When you include a Joiner transformation that uses sorted input, you must verify the Joiner transformation receives sorted data. If the sources contain large amounts of data, you might want to configure partitioning to increase performance. However, partitions that redistribute rows can rearrange the order of sorted data, so it is important to configure partitions to maintain sorted data.
For example, when you use a hash auto-keys partition point, the Integration Service uses a hash function to determine the best way to distribute the data among the partitions. However, the Integration Service does not maintain the sort order, so you must follow specific partitioning guidelines to use this type of partition point.
When you join data, you can partition data for the master and the detail pipelines by configuring an equal number of partitions for the master and the detail sources. The Integration Service processes multiple partitions concurrently.
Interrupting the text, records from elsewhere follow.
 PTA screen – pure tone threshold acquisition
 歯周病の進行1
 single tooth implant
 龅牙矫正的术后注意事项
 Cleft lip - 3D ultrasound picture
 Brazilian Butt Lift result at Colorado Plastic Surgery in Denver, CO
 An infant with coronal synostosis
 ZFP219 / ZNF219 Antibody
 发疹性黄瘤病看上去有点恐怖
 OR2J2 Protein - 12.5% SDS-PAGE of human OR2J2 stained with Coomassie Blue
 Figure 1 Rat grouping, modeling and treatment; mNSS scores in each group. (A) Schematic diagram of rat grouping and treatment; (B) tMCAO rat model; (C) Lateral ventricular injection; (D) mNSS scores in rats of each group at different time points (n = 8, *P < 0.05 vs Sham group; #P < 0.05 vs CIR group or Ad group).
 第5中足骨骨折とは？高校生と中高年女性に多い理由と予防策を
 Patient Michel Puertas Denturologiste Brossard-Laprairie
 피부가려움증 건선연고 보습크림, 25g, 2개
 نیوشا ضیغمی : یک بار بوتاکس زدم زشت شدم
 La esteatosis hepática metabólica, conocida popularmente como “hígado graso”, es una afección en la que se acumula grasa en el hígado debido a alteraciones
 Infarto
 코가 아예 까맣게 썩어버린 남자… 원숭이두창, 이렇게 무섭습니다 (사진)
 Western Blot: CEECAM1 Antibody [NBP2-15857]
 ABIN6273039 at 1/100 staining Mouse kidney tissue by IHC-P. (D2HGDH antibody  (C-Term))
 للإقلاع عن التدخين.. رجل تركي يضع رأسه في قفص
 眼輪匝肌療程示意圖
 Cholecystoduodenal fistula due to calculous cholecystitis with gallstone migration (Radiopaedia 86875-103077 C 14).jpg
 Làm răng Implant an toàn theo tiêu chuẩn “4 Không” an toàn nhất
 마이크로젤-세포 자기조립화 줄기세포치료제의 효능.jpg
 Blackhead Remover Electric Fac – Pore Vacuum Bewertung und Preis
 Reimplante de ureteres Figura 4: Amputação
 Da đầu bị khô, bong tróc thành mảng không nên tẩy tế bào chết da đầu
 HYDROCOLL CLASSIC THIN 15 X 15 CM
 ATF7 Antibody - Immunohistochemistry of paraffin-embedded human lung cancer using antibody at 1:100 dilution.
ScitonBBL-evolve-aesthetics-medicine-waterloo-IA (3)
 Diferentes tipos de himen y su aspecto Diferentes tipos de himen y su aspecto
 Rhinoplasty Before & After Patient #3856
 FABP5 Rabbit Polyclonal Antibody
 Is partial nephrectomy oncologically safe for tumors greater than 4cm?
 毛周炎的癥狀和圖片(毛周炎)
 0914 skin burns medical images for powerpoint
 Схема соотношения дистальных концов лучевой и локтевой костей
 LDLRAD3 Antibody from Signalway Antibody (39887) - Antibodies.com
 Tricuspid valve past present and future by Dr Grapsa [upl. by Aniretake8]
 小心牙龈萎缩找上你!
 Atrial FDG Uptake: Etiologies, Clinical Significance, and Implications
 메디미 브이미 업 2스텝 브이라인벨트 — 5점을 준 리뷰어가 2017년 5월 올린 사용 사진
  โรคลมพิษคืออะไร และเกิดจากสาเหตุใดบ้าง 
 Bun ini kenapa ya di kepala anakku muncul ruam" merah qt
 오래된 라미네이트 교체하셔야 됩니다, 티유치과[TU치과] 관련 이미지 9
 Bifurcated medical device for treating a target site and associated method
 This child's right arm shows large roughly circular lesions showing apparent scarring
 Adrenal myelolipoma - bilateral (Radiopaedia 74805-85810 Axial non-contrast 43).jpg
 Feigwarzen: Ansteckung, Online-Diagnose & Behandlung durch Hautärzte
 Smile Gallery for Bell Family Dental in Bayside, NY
You might need to configure the partitions to maintain the sort order based on the type of partition you use at the Joiner transformation. If the Joiner transformation uses 1:n partitioning, and the master and detail pipelines are both joined on sorted ports, the session terminates unexpectedly.
Consider the following partitioning guidelines:
Using sorted flat files or sorted relational data.
When you have one large flat file in the master and detail pipelines, configure partitions to pass all sorted data in the first partition, and pass empty file data in the other partitions.
Using the Sorter transformation.
If you use a hash auto-keys partition at the Joiner transformation, configure each Sorter transformation to use hash auto-keys partition points as well.
Add only pass-through partition points between the sort origin and the Joiner transformation.